Nostalgia dresses the past in swathes of gossamer. But then in the life of a city, the past cannot but be prettier than its present. Less cars, less concrete, less people. No turf wars between neighbours, no frayed tempers at traffic lights, no harried pedestrians scurrying across the road, no lego-like structures climbing up to the skies, pointing fingers at it. However, like the inevitability of graying hair and wrinkles, a city that is growing has to gradually bend under the burden of more and more of everything. It is the necessary yoke of time.
There is always the option of ageing well - of not fighting it, but settling into it with a comfortable acceptance. But ageing gracefully is usually a luxury of plenty. Human beings can do it if they are not labouring in the angry sun, if they can get teeth implants and an occasional massage, if they can sit back and indulgently watch their grandchildren at play or then contribute their energy to the creation of a healthier society. A city too needs plenty in the till and someone with a telescopic eye on the distant horizon. Chandigarh, with a bit of this and bit of that, has managed moderately well.

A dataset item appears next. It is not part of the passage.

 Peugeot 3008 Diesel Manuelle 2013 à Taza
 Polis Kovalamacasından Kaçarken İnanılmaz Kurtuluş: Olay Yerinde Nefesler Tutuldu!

But Chandigarh too was young once, when I first made its acquaintance in the late fifties, even though it was axiomatically referred to as the retired city (a city of grey beards and green hedges, the late Khushwant Singh had called it). And, paradoxically enough, it becomes younger as it grows older. And that, only a city can do, not human beings, who have so far been in step with this analogy, but can no longer keep up. The city today bristles with signs of youth, shopping malls, many spenders, speeding motorcars. Let this not be seen as a lament. However, I will have to admit that when Madhya Marg went from one car in 15 minutes to 15 cars a minute and the numbers ever growing, it felt like an intrusion, like an outrage. I can still remember driving into Chandigarh from Patiala with my parents, and breathing deeply to take in the wonderful sense of uncrowded space that opened out in front of us. There was only the Tribune building that rose into sight and then nothing for a long stretch, till the Government Press building in Sector 18. Quite unlike the battle with traffic that begins in Zirakpur and becomes an incessant cut and thrust of combat.
My tunneling into the past is not meant to be an indictment. One of the things that was often repeated in those days was that Chandigarh had no identity and was a colourless de vitro creation over a few years - in 1948, when the idea of a city was born, or in 1950 when the first road was laid out or then in 1953 when the ribbon was cut. But the city now has a distinct identity, even if it be that of a hesitant, exploratory modernity, somewhat at war with itself.